Arvest provides more than 1.6 Million meals



Wednesday, June 16, 2021 – Arvest Bank launched its annual Million Meals initiative to fight hunger in the four-state region the bank serves two months ago. Today, the bank announced that with the help of customers and community members, it has exceeded the campaign goal by raising more than 1.68 million meals.


Launched in 2011, Arvest’s Million Meals campaigns have raised an 11-year total of 18,749,881 meals, which includes more than $3.3 million in funds given directly to the bank’s dozens of local food partners.


This year’s campaign total of 1,680,910 meals was made possible through donations from the bank, Arvest associates, customers and community members from April 5-May 29. The success of the campaign is especially meaningful as summer approaches because many children will be without the meals they ordinarily receive at school.


“It is humbling each year to see how our customers, community members and associates rally around this cause,” Roger Holroyd, Arvest Bank president in the Fort Smith and River Valley region said. “We could not fight hunger on this scale without all these groups and we thank them for their hard work, dedication and generosity. Helping our neighbors in need is part of Arvest’s commitment to our communities.”

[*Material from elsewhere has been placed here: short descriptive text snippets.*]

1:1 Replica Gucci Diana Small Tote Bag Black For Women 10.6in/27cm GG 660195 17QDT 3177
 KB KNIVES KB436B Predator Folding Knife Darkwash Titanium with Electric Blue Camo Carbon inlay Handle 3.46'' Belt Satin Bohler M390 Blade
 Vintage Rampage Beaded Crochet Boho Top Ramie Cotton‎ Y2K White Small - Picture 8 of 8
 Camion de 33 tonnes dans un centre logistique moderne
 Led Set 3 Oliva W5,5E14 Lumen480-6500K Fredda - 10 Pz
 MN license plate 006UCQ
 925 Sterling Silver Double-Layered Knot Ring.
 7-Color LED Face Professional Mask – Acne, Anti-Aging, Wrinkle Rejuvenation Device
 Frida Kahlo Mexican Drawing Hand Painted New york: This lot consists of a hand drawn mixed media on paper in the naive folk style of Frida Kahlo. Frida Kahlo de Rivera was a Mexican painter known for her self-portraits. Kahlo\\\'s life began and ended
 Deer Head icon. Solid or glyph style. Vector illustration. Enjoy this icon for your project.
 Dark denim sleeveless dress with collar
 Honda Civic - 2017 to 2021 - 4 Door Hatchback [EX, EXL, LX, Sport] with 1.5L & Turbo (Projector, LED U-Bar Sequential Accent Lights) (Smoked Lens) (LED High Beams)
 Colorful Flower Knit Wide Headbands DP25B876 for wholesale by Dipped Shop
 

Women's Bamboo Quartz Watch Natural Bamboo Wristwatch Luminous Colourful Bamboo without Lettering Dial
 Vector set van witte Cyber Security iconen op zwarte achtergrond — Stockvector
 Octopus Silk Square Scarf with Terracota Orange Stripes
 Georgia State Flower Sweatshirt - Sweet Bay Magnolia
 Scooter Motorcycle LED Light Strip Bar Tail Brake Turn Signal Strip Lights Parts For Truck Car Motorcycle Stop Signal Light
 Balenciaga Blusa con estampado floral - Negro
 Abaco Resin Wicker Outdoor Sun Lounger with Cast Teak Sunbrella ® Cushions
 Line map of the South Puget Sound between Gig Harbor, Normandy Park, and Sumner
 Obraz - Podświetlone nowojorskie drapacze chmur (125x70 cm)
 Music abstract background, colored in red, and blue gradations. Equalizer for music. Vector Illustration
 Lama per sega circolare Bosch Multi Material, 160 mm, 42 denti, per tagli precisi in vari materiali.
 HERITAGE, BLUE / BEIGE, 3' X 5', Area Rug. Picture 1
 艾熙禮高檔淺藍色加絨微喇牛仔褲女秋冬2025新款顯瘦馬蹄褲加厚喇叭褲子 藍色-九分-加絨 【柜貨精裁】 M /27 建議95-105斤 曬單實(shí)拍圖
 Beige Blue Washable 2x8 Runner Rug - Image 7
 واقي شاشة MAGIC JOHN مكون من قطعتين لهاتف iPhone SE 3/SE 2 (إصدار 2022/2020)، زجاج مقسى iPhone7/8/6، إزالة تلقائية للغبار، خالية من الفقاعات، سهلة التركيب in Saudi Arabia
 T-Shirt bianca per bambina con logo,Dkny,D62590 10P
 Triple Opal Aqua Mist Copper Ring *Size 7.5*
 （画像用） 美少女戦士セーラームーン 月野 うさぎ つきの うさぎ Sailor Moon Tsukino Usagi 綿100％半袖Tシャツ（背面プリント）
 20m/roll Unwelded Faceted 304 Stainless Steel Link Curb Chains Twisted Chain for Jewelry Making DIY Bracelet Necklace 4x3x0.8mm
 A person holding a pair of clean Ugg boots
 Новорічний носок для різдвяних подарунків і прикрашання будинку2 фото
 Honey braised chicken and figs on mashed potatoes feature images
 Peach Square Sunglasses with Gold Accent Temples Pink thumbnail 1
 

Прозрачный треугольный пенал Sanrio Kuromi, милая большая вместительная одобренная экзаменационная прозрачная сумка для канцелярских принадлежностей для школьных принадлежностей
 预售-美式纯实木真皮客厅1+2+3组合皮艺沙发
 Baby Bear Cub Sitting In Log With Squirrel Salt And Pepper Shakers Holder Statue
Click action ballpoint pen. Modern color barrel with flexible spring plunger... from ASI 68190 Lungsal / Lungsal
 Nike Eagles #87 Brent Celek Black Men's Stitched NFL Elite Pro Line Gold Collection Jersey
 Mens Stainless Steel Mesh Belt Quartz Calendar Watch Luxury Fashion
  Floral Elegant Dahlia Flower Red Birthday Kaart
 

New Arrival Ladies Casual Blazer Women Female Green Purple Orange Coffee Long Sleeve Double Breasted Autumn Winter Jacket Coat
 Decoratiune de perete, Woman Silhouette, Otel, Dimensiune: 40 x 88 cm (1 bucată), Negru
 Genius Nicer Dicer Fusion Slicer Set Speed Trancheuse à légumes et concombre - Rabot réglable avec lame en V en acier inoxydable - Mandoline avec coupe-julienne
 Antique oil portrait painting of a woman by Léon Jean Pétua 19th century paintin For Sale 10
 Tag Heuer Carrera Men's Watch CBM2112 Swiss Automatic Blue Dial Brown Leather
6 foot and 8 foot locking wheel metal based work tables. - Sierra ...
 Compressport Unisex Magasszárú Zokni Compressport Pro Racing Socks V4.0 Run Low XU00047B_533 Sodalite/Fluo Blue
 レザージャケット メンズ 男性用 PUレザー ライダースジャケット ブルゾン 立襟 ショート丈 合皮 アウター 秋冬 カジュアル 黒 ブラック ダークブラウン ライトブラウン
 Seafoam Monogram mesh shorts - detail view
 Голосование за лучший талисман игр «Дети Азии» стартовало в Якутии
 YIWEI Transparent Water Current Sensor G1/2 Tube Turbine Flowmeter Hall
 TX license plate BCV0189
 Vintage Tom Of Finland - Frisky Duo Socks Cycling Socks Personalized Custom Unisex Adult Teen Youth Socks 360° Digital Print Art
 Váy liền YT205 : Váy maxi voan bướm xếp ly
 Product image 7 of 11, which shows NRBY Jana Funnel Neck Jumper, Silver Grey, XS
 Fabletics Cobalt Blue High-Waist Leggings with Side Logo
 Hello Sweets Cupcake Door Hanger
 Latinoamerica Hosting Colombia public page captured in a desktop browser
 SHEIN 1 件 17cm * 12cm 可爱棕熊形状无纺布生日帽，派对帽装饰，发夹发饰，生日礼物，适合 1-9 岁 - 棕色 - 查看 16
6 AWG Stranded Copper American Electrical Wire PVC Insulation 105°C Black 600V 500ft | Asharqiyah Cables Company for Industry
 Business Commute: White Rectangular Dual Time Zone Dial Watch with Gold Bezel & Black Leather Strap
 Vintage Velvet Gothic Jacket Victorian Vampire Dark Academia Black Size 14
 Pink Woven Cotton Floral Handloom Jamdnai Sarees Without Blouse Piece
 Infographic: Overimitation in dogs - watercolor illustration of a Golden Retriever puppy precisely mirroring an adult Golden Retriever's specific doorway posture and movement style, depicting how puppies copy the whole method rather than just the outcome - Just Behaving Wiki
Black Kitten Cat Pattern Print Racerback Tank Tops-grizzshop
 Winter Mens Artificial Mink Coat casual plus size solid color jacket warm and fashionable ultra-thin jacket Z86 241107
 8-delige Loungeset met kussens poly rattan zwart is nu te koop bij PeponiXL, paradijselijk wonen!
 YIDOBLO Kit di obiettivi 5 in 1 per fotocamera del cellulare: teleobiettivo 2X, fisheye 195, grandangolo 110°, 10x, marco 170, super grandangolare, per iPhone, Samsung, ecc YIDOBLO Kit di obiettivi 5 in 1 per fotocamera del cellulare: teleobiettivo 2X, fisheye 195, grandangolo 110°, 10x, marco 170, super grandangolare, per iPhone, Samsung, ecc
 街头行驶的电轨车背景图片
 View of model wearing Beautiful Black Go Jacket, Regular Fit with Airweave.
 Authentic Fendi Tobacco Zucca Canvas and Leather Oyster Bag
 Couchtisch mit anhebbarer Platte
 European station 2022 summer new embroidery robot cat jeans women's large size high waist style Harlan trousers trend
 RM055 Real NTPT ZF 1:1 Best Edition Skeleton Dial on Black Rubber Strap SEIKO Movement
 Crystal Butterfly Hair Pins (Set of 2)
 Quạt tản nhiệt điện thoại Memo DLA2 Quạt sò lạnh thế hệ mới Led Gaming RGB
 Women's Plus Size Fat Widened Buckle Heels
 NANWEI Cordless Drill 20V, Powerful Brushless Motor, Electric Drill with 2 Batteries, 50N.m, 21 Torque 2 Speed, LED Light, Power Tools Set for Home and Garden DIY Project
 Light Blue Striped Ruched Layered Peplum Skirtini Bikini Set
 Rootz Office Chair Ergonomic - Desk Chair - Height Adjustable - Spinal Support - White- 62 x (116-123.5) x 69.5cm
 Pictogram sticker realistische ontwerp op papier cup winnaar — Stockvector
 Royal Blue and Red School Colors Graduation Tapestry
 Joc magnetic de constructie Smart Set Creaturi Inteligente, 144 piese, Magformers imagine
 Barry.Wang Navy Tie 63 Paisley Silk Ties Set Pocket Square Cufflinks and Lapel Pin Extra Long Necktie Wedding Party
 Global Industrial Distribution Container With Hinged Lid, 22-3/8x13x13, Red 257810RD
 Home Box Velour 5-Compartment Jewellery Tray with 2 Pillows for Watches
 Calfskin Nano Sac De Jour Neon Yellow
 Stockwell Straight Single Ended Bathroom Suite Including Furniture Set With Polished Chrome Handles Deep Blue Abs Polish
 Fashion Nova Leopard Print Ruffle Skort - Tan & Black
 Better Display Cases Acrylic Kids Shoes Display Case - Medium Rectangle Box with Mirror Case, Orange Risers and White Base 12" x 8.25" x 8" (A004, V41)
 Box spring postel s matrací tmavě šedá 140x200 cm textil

In the Fort Smith market which includes branches in Fort Smith, Van Buren, Alma, Greenwood and Waldron in Arkansas and Sallisaw and Poteau in Oklahoma, Arvest partnered with Community Services Clearinghouse and United Way of Fort Smith for the campaign. These organizations received all local donations, and this year 198,630 total meals were provided in the

Fort Smith and surrounding areas. All money raised through this campaign directly benefitted 90-plus organizations feeding local communities in Arkansas, Kansas, Missouri and Oklahoma.


The bank’s decision to provide one million meals was based on the fact hunger is an issue in every community it serves. In 2019, the most recent year statistics are available, 10.5 percent of American households were food-insecure, meaning they had difficulty at some time during the year providing enough food for all their members due to a lack of resource.